HumpHumpWhale · 04/07/2017 20:39

Totally recommend 'how to talk'. I'm halfway through and it's already helping.
On the bedtime thing, what we did was said before bathtime "mummy's going out". DS and DH kissed me good bye at the door and I went and sat in a pub until DH texted me that DS was down. After that, I started sneaking back into the flat once they were in the bathroom. It took a few nights but we found that once the option of me was clearly off the table, he was fine with Daddy putting him down. And once he was used to DH doing it, we could take turns and he was ok with it.
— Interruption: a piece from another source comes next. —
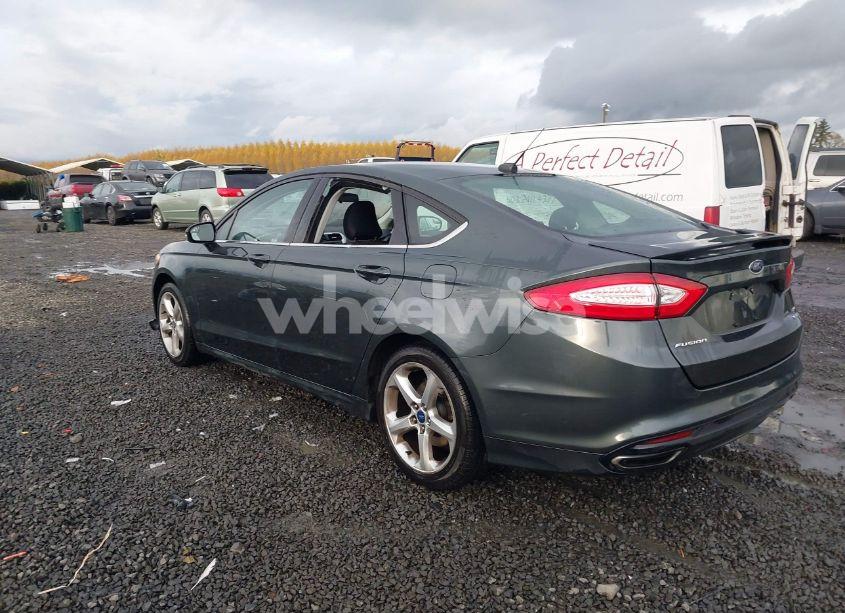 Photo 3 of 2015 Ford Fusion SE (VIN 3FA6P0H96FR227023)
If he ever kicked off, we just did the leaving thing for a night or two again.

Igottastartthinkingbee · 04/07/2017 20:53

Oh goodness OP I was in this exact position a few months ago. DD (now 2yrs 9months) was hellish and I too started a thread on here begging for help! I haven't read the whole thread but I'm sure you've had lots of good advice. My main advise would be to ignore tantrums where possible, I adopted a faux cheerful chatter. I'd always be ready to cuddle her when she was ready. Being that angry at the world is exhausting and very stressful (for everyone) so I'd spend lots of time reassuring her once she'd calmed down enough for me to get near her. Also, pick your battles, some things just aren't worth it. But if your DS is anything like my DD then tantrums were never far away in the midst of the terrible twos regardless.
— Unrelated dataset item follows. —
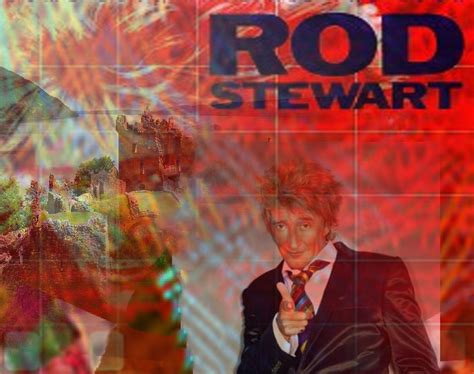 Rod Stewart By Willartmaster On Deviantart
Ride it out, he will come back to you I promise. DD still throws the odd tantrum but she's largely through that phase for the time being. Good luck!

IceCreamIScream · 05/07/2017 14:08

I was in your exact position last year and I promise it's just a phase. If you can try and anticipate what makes them kick off and preempt it if you can.
Closed choices are good too but i found that certain things like laying out outfits on the floor or bed for her to choose from was most helpful - she'd then mix & match to choose her clothes. Also options like do you want to put your shoes on now or when you're in the pram/car was helpful as the choice is about when not if. I'd also bend over things that weren't important - tantrumming over not wanting to put shoes on but you need to go out? Fine. They can stay in the pram (but take shoes out if they change their mind!)
Our DD also wouldn't let daddy put her to bed either which was difficult as I was tired & pregnant but we used to do joint bedtimes where DD would 'put me to bed' she'd have a bath with me, we'd put PJs on together, she'd pick stories & she'd help read them to me with DH whilst I was in bed and she'd sit on the bed too. Meant I could rest whilst bedtime routine happened at least!
I promise it gets better!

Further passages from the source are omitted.